### What is expected
Repeat all of the data word for word so that only the pictures are missing from the copy.

### Stored data

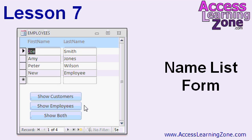In Lesson 7, I'll show one more good example of where dynamic SQL comes in handy. We're going to make a name list form — a continuous form with a list of names — and we'll make buttons to change the SQL so you can see either customers, employees, or both at the same time using a union query.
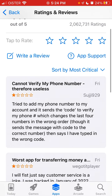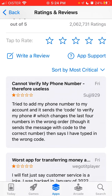This user says they tried to add their phone number to the account and it sends a code to verify, but it changes the last four numbers in their own order. Though it sends the message with the code to the correct number, it then says they have typed in the wrong code.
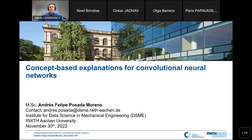Good morning again. Today we'll have the pleasure of a presentation from Mr. Andres, who is a PhD student at the Institute for Data Science in Mechanical Engineering at the University. The topic of the presentation is already visible on the screen. Andres, the virtual floor is yours. Please go ahead.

### Task output
In Lesson 7, I'll show one more good example of where dynamic SQL comes in handy. We're going to make a name list form — a continuous form with a list of names — and we'll make buttons to change the SQL so you can see either customers, employees, or both at the same time using a union query.
This user says they tried to add their phone number to the account and it sends a code to verify, but it changes the last four numbers in their own order. Though it sends the message with the code to the correct number, it then says they have typed in the wrong code.
Good morning again. Today we'll have the pleasure of a presentation from Mr. Andres, who is a PhD student at the Institute for Data Science in Mechanical Engineering at the University. The topic of the presentation is already visible on the screen. Andres, the virtual floor is yours. Please go ahead.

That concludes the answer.